This isn’t a particularly novel event, “celebrities” leaning on their infamy to sell more products in the eternal march of capitalism. But this one spoke to me in a different way. This is an example of a personal brand transcending professional careers. Specifically ones that are tragically inundated with talent from low economic backgrounds and crowded with aspirational dreamers who can’t get a look in. Not to mention the lofty incomes attached.

“A young buck sellin’ drugs and such, who never had much, trying to get a clutch at what I could not” - C.R.E.A.M, Inspectah Deck, Wu Tang Clan (1994)

The rap scene started as a form of expression for underprivileged, Black communities. Once it was more widely distributed to the white suburban areas of America, it became viewed as an extremely rare opportunity to escape poverty and reach “the big time”. It crafted incredible musicians and shaped the music scene forever onward. As a fan of the art, I find it literally offensive that a person of such affluence can stumble onto the scene, metaphorically do a big fat deuce on a track, plug his own product and shoot up the charts. As a founder of a branding agency, specifically one working with personal brands, I find it incredible.

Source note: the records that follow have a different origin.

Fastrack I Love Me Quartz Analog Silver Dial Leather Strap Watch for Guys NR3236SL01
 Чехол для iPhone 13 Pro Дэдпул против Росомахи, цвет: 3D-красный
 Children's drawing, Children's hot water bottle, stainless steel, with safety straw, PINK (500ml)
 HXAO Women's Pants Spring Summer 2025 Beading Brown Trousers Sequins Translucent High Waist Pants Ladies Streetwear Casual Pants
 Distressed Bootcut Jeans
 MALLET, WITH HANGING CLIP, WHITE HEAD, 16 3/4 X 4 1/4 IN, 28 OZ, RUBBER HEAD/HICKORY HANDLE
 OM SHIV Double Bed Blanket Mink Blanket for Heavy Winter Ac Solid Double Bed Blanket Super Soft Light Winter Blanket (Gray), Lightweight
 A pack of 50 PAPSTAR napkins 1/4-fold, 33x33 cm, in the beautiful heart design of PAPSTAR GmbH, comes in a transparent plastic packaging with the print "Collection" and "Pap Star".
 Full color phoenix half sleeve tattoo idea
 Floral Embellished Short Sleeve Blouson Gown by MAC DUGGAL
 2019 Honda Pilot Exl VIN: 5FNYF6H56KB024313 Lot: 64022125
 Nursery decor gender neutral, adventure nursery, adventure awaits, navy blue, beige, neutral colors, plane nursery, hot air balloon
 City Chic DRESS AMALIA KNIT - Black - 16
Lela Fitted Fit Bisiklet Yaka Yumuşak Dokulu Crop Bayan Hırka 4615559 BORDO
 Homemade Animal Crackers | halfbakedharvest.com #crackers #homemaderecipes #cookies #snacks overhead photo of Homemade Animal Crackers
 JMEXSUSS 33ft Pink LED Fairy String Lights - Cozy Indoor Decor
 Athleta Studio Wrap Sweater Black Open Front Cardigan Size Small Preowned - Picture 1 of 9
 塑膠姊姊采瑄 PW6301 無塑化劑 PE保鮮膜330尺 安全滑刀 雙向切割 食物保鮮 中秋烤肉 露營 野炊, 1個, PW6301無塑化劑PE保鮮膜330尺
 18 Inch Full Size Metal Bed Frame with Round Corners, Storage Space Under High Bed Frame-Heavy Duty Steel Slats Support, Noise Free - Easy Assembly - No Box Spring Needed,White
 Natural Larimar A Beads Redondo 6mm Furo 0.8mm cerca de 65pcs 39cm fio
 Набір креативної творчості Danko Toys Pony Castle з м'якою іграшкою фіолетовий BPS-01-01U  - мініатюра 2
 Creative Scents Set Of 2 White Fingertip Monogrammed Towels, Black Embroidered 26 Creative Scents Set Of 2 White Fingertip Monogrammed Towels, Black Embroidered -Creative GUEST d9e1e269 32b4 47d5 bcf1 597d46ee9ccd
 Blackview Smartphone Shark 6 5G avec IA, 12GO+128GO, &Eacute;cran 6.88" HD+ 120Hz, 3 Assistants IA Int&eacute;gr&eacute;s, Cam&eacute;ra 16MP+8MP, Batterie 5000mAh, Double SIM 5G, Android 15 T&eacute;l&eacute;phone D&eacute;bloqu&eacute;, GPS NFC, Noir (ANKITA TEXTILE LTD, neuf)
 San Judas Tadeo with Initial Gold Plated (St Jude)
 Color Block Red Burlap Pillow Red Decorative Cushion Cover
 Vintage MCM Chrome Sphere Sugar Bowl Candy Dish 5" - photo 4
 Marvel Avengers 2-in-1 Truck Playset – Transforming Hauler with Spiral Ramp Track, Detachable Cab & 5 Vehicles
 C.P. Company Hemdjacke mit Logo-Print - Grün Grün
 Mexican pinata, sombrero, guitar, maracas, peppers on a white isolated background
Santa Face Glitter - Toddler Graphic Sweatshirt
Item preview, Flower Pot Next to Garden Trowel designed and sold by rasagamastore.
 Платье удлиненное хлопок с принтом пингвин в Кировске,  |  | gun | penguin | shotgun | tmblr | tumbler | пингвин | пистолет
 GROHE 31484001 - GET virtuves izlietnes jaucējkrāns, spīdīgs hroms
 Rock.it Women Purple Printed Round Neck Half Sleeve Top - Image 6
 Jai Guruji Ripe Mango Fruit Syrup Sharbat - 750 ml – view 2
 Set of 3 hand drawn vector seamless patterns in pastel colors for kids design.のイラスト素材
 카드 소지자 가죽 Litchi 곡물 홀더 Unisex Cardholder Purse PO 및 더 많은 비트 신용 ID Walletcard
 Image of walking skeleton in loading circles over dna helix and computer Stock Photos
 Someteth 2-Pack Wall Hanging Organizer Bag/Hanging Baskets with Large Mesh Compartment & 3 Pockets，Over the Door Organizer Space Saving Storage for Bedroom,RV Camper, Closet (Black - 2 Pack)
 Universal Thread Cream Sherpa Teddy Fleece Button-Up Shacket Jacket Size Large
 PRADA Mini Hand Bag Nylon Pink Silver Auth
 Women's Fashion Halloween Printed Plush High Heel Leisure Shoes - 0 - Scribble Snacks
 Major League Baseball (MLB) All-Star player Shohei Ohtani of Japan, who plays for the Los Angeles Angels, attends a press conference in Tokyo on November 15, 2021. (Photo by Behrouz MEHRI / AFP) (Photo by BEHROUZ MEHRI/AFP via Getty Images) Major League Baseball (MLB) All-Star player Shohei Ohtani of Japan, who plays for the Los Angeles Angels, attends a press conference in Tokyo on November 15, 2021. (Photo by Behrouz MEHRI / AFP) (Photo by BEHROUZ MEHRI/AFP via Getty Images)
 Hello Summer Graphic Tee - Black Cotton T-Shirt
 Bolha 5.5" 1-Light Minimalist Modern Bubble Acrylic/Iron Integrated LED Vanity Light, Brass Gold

This single event highlights the influence that personal brands can have on consumer interpretation. Seemingly, at least in westernised mainstream media, audiences care less about output and are still in fact driven by celebrity influence and comfortability with familiar faces.

However, given the available social channels, there is a rising faction of smaller celebrities (if you want to call them influencers) and personal brands that have granted a platform to talented individuals. As industries and professions become more remote, independent siloed individuals and the importance of digital representation will become more readily accessible and substantially more important (See the rise of NFTs). It’s the role of the audience to be more specific in terms of what influences (or ers) they allow into their conscious stream and be selective about specialist talent. Not bending to the undoubtedly, very strong arm of Dwayne “The Rock” Johnson


P.s - + I heard he eats babies.

*I have to state these aren’t the views of everyone at dooka, specifically Rob, who loves The Rock, Royal Rumble and Rap (apparently).